2. A virtual computer system according to claim 1, wherein said action table describes priority of countermeasures and countermeasures of alternation for system resources allocation.

3. A virtual computer system according to claim 3, wherein said alternation means is set from external of computers which are objects of countermeasures for load.

4. A virtual computer system, comprising:

a plurality of virtual computers operating on a physical computer having one or more CPUs and a main memory device;

a hypervisor;

a storing section for storing contents of a plurality of actions for changing physical resources allocated to virtual computers judged as having high loads by a load monitor which monitors load conditions of said virtual computers; and

means for implementing said plurality of actions sequentially and for conducting physical resource allocation according to contents of said actions that are deemed most effective in lowering loads of said virtual computers,

wherein said hypervisor comprises:

a reallocation policy table which describes priority of Logical Partitions (LPARS) and system resources allocation to LPARS,

an action table which describes corresponding actions to be taken based on information regarding loads, and

alternation means which alters system resources including at least one of Central Processor Unit (CPU) number, CPU allocation time and memory allocation that are objects of countermeasures for a load based on a combination of information of said reallocation policy table and said action table.

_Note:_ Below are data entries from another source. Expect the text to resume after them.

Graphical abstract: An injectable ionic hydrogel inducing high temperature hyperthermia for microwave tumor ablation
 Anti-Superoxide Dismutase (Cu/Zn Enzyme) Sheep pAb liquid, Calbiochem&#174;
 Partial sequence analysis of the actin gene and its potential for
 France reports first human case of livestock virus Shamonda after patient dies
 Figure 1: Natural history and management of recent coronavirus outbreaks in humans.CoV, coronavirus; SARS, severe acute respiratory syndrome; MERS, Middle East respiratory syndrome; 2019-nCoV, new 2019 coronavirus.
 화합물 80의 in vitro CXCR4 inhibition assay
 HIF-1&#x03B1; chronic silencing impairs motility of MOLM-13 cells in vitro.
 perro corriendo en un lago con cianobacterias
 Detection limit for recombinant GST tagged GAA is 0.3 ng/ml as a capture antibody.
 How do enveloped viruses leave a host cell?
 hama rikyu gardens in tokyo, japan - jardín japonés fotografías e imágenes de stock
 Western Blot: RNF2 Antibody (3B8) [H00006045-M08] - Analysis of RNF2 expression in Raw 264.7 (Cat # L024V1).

5. A virtual computer system according to claim 4, wherein said action table describes priority of countermeasures and countermeasures of alternation for system resources allocation.

6. A virtual computer system according to claim 4, wherein said alternation means is set from external of computers which are objects of countermeasures for load.

7. A virtual computer system, comprising:

a plurality of virtual computers operating on a physical computer having one or more CPUs and a main memory device;

a hypervisor;

a storing section for storing contents of a plurality of actions for changing physical resources allocated to virtual computers judged as having high loads by a load monitor which monitors load conditions of said virtual computers; and

means for implementing said plurality of actions sequentially and for conducting physical resource allocation according to contents of said actions that are deemed most effective in lowering loads of said virtual computers,

wherein said hypervisor comprises:

said load monitor for monitoring load conditions of said virtual computers based on load conditions of said main memory device,

a reallocation section for providing an output for dynamically changing allocation of physical resources to said virtual computers based on said load conditions monitored by said load monitor,

a controller for controlling physical resource allocation to said virtual computers based on load conditions monitored by said load monitor, and for demanding reallocation in response to said output from said reallocation section,

a reallocation policy table which describes priority of Logical Partitions (LPARS) and system resources allocation to LPARS,

an action table which describes corresponding actions to be taken based on information regarding loads, and

alternation means which alters system resources including at least one of Central Processor Unit (CPU) number, CPU allocation time and memory allocation that are objects of countermeasures for a load based on a combination of information of said reallocation policy table and said action table.

8. A virtual computer system according to claim 7, wherein said action table describes priority of countermeasures and countermeasures of alternation for system resources allocation.

9. A virtual computer system according to claim 7, wherein said alternation means is set from external of computers which are objects of countermeasures for load.